Techno, the way Peter Van Hoesen does it, falls close to the style’s zero-degree definition, the kind of description one might overhear at a party. It’s meticulous, banging, stripped-down machine music that remains just melodic enough to keep it from being totally abstract, and is altogether too savvy to melt into the tech-house fallow zone. Van Hoesen finds an easy fulcrum point between Robert Hood’s soulful, severe loops and the sheer aggro bum rush that once characterized Low Countries techno. It’s an approach that served the Belgian producer well on his last LP, Perceiver, and it continues to work on Life Performance, a live album whose texture is homogeneous enough to make its already clean-sounding predecessor seem dramatic in comparison.

Life Performance has its share of tension and release, but within the grayscale vocabulary of the live setting. As a studio album, Perceiver could get away with dynamic passages of sound art that are largely missing in the consistent thrust of Life Performance.
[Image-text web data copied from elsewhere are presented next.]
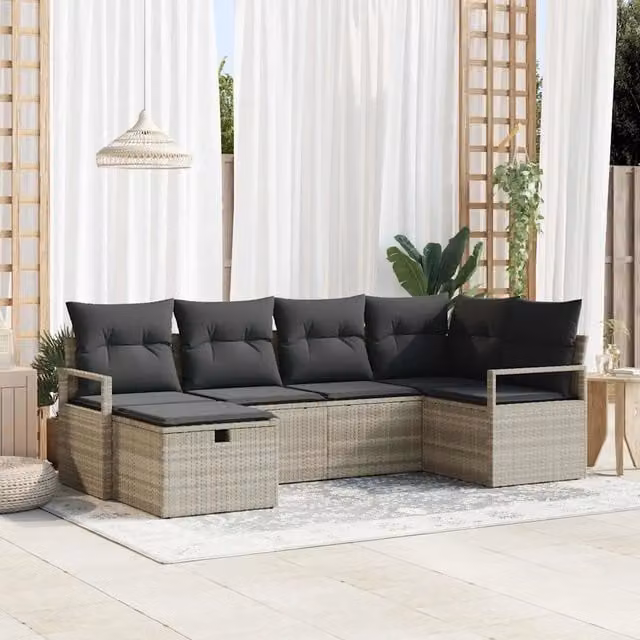 Set di divani 6 pz 6-Numero di posti Grigio chiaro polyrattan 3359181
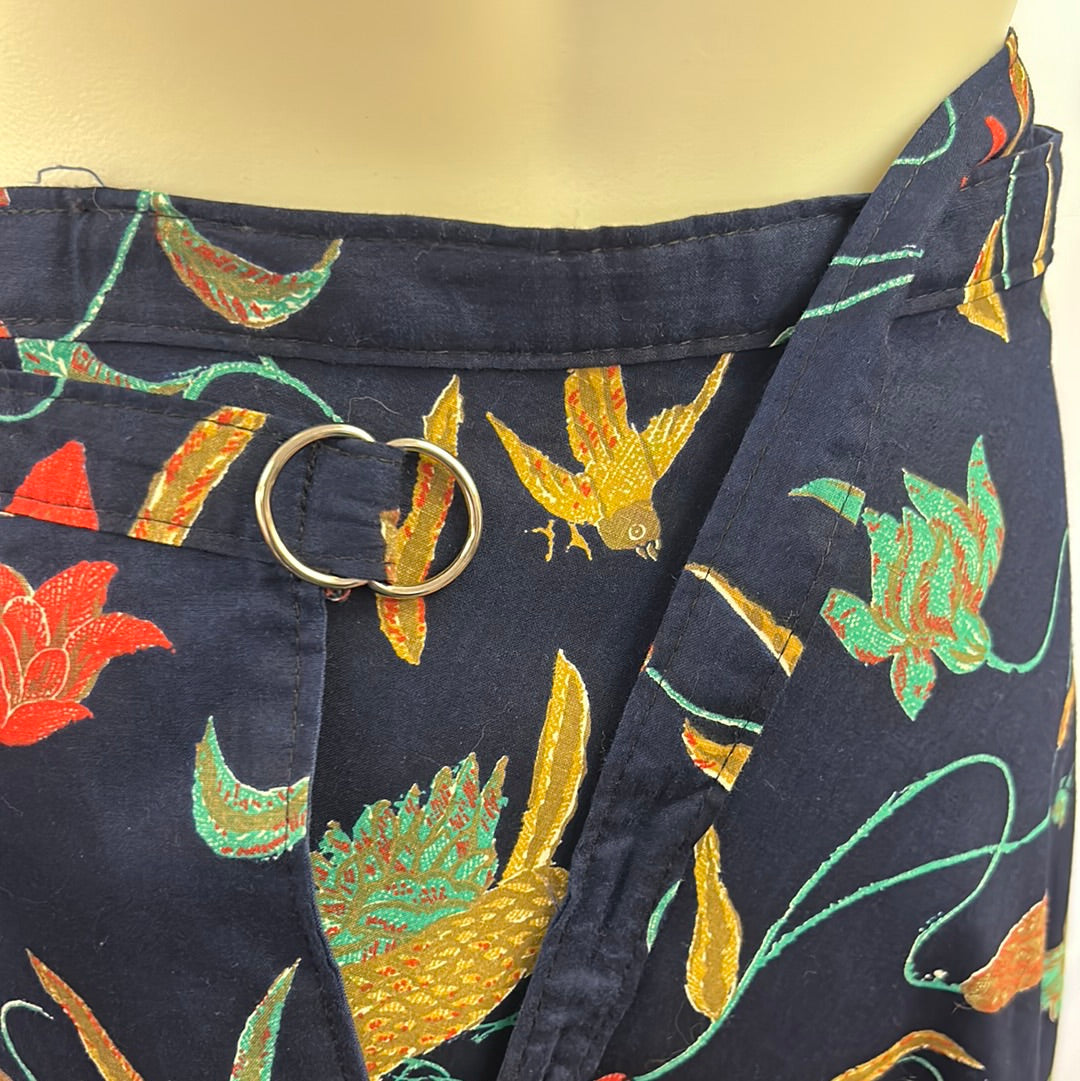80s Blue Swallow Wrap Skirt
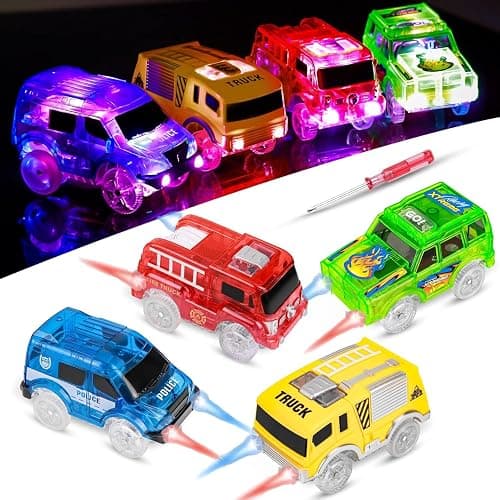FancyWhoop Tracks Cars Replacement Only - Light Up Magic Cars for Tracks Compatible with Glow in The Dark Toy Cars with 5 LED Flashing Lights for Most Race Tracks Only Toy Car Accessories (4 Pack) - Image 1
To some listeners, that may be an obstacle; to others, a boon. Van Hoesen isn’t a particularly difficult producer, but he strives toward a kind of purity that can be hard to pin down, particularly when much of the genre is seemingly engaged in a fidelity arms race between distorted industrial techno and more classical, sci-fi-themed takes.
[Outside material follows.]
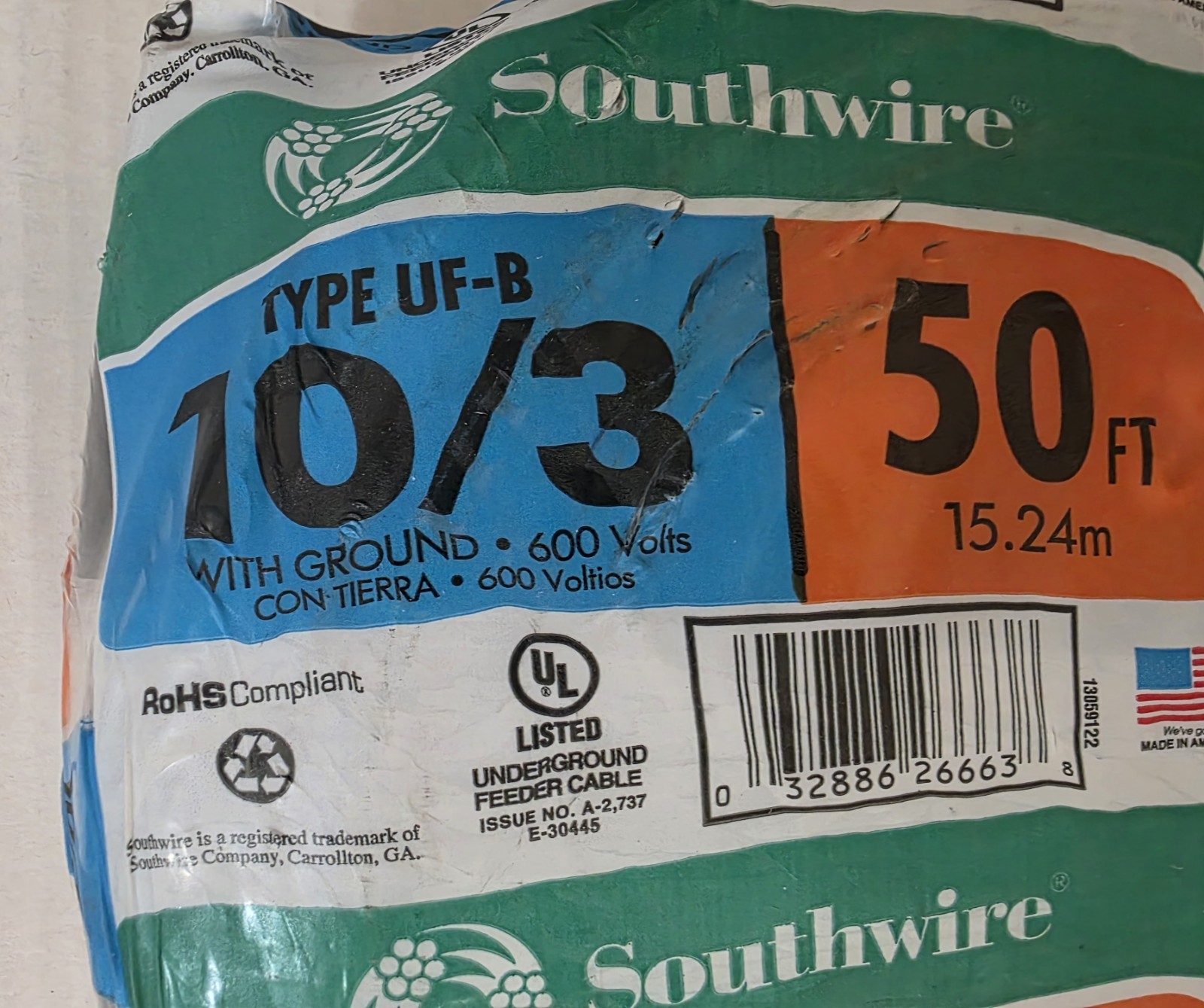 Southwire 10/3 With Ground UF-B Burial Underground Wire 13059122 50ft BRAND NEW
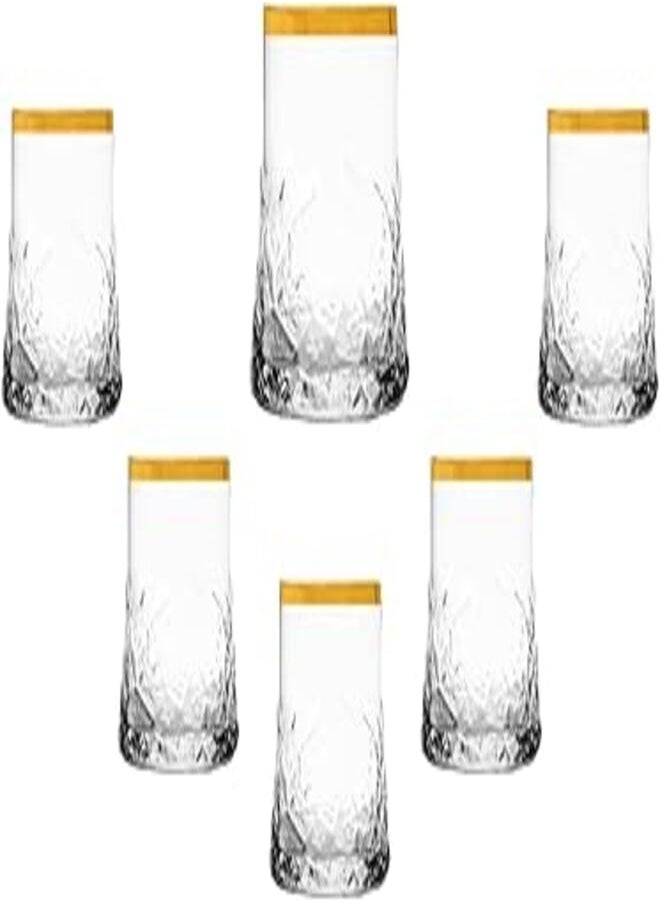 segaey Segaey NORD Glass/Golden Rim / 6 Pcs / 345 cc -11 Oz/Elegant design, Trusted Brand, Attractive shape of Soft Drink, Sparkling Drink, Smoothies, Juices/High Quality Materials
Even more so than his previous albums, Life Performance is techno as full-body massage. It’s a current that’s intended to rip through bodies rather than be perceived from a slight remove, which means that individual tracks take a backseat to overall thrust. As the album wears on, it feels—not unpleasantly—that this is the kind of techno a 3-D printer would spit out: all the joints are functional and articulated, and yet everything in the machine is made of the same material. We can take this two ways: either Van Hoesen is just that much in control of his materials, or the exigencies of a live set required something more meathead and less heady. That’s not a complaint: “Subjects from the Past” and “Challenger” both sound hungrier than comparable studio selections. Listening to Life Performance is akin to being in a wave pool. The water is warm, and the knocks come at expected intervals, but there’s still a fear of death on the fringe. It’s thrilling in proportion to the uniformity of the surroundings.
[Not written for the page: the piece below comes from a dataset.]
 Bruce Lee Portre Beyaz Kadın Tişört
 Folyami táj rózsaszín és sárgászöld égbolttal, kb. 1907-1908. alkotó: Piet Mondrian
Van Hoesen does leave some room for improv, but it’s a bit too low-key to feel like anything’s at stake. Some of the most exciting moments are when, say, a delay suggests it could go off the rails, that the steady flow of blood and lymph could clot into some kind of emergency to be resolved. That sort of catastrophe never arrives, but the gyroscopic stability of Van Hoesen’s live set is admirable on its own terms.